Ying Kong, of Albany, New York, who was waiting at the airport for her brother-in-law, Fawen Yan, 47, from Richmond, California, said he telephoned her after surviving the crash to say it had been "really smoky and scary."
"He feels it difficult to breathe, but he's okay," she said. She added: "He said a lot of people had to run. He said some people got hurt."
Air traffic at the airport was halted immediately after the crash, which took place under sunny skies with only a slight breeze, but flights resumed on two runways several hours later.
The Asiana flight departed from Seoul at 5:04 p.m. Korean time and touched down in San Francisco at 11:28 a.m PDT, according to FlightAware, a website that tracks flights. The flight lasted 10 hours and 23 minutes, it said.
Deborah Hersman, chairman of the National Transportation Safety Board, said the agency was sending a team of investigators to San Francisco and that it is too early to determine the cause of the crash.

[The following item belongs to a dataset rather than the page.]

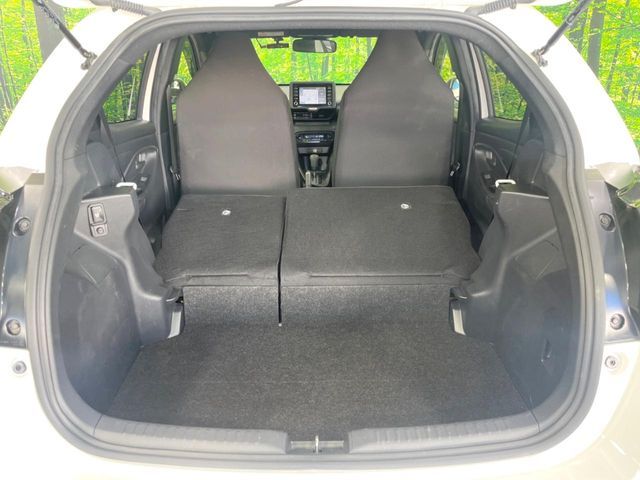 TOYOTA YARIS HYBRID 2022 Image 31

"We will be looking at everything," she told reporters. "Everything is on the table. We have to gather the facts before we reach any conclusions."

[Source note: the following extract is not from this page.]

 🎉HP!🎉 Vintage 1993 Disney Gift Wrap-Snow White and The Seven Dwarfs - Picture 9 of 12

She was speaking at Reagan National Airport in Arlington, Virginia, outside Washington.
The FAA spokeswoman Laura Brown said her agency was also sending investigators.
Boeing expressed concern for those on board the flight and added that it will provide technical assistance to the NTSB as it investigates the accident.
Eyewitness accounts: 'bellyflop landing'
''I just crash landed at SFO. Tail ripped off. Most everyone seems fine. I'm OK. Surreal ...'' said passenger David Eun, in a posting to the Path social network.
Local TV station KTVU quoted witnesses as saying that the plane's tail appeared to sheer off as it was coming in to land.
Another witness said the tail broke off almost immediately upon hitting what appeared to be the end of the runway .. "it kind of did a bellyflop landing".
Overhead television video about an hour after the crash showed the plane lying off the runway with its fuselage burnt out. In Eun's photograph the fuselage had not yet caught fire.
Another eyewitness, Anthony Castorani, told CNN that he was watching planes land from his airport hotel when he saw the Asiana Airlines flight coming in for what appeared a routine landing.
''The moment it touched down ... there was a large plume of white smoke, you heard a pop and then you immediately saw a large brief fireball that came out from underneath the aircraft,'' he said.